Naturally, AWS X-Ray works well with other Amazon services such as AWS Lambda, Amazon EC2 (Elastic Compute Cloud), Amazon EC2 Container Service (Amazon ECS), and AWS Elastic Beanstalk. It can be used in both an app’s build stage and testing stages, as well as servicing the app once it’s in production.
Kafka is a distributed streaming platform, providing a high-throughput, low-latency platform for handling real-time data feeds, often used in microservice architectures. It’s used to process streams of records in real time, publish and subscribe to those record streams in a manner similar to a message queue, and store them in a “fault-tolerant durable way.”
Kafka uses “topics” — a category or feed name to which records are published — to abstract streams of records. For each topic, Kafka maintains a partitioned log, an ordered, continually appended sequence of records that can serve as an external commit log for a distributed system.
What are the best log aggregation & monitoring tools?
While there are several good log aggregation and monitoring tools on the market today, these are some of the most popular.

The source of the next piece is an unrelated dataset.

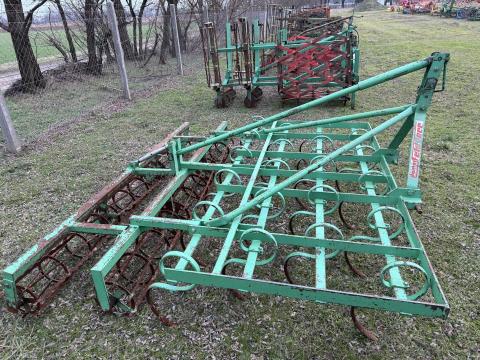 Feldherr 2,8 m-es rugókapás kombinátor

Elastic (formerly ELK: ElasticSearch, Logstash, Kibana): One of the most popular stacks for distributed systems, Elastic combines three essential tools. Logstash aggregates log files, ElasticSearch lets you index and search through the data, and Kibana provides a data visualization dashboard. Open source and free, you can implement the entire stack or use the tools individually.
Loggly: This cloud-hosted log manager and analyzer was built by and for DevOps folks. It was designed to handle huge volumes of log data via an easy-to-navigate interface and is primarily used for troubleshooting and customer support. It also comes with a RESTful API, allowing it to be integrated into other tools.
PaperTrail: PaperTrail doesn’t aggregate logs but rather gives the end user an easy way to comb through the ones you’re already collecting. It’s easy to install and has a clean interface that gives you a consolidated view of data from the browser, command line, or an API.
Graylog: Another open source log analyzer, Graylog was created expressly to help developers find and fix errors in their applications. It has a simple UI that’s built for speed, and it can manage a wide range of data formats.